Pour le journaliste et ancien conseiller de Bill Clinton, Sydney Blumenthal, les États-uniens non plus ne croient plus à la propagande de l’administration Bush concernant l’amélioration de la situation en Irak. Il affirme que seuls 39 % de la population soutient encore cette guerre. Aujourd’hui, les discours sur une victoire prochaine en Irak sont aussi pathétiques et dépourvus de sens que ceux de Lyndon Johnson au Vietnam. Mais bien que jugée contre-productive par Blumenthal, cette propagande se poursuit.

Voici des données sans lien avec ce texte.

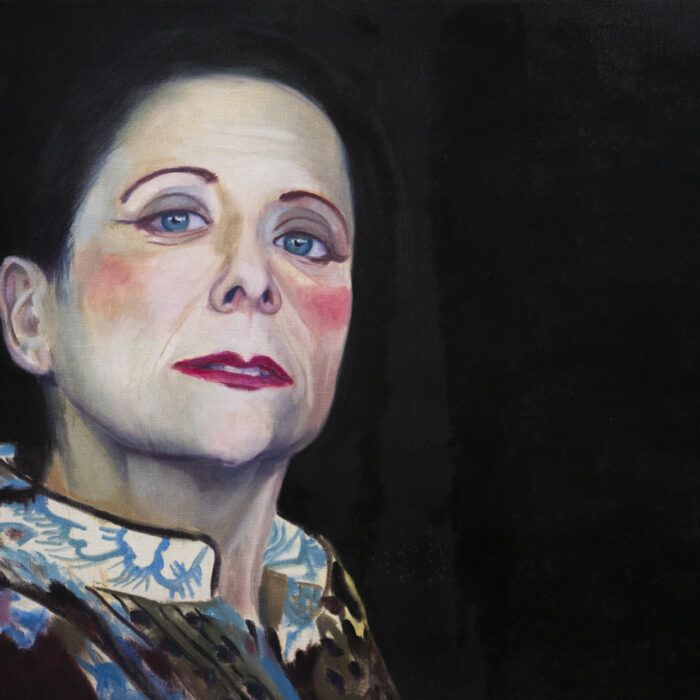 óleo, pintura, arte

L’éditorialiste néo-conservateur Max Boot affirme que l’insurrection irakienne manque d’unité, de soutien populaire, de base territoriale et de légitimité, elle ne peut donc qu’être vaincue. Dans le Los Angeles Times et le Christian Science Monitor, il appelle donc la presse états-unienne à insister davantage sur les points faibles de la résistance que sur ses victoires. Il s’agit là d’une adaptation du discours classique de la droite états-unienne lors de la Guerre du Vietnam : les troupes états-uniennes gagnent militairement sur le terrain mais le soutien populaire s’effrite à cause d’une lecture biaisée des évènements par les médias. Il convient donc de rectifier le tir. Dans une interview accordée à Die Welt, l’orientaliste Bernard Lewis prétend lui aussi que la situation en Irak s’améliore pour les États-Unis depuis les élections. Il se réjouit que les partis musulmans n’aient pas eu la majorité absolue. Il pose comme futur modèle pour l’Irak la Turquie avant l’arrivée de l’AKP ou la Tunisie, c’est-à-dire des régimes largement soumis aux États-Unis. Abordant d’autres sujets comme Israël et la Turquie, il poursuit son obsession : démontrer que l’islam est un système globalisant, dangereux et hostile dont il convient de contrecarrer l’expansion.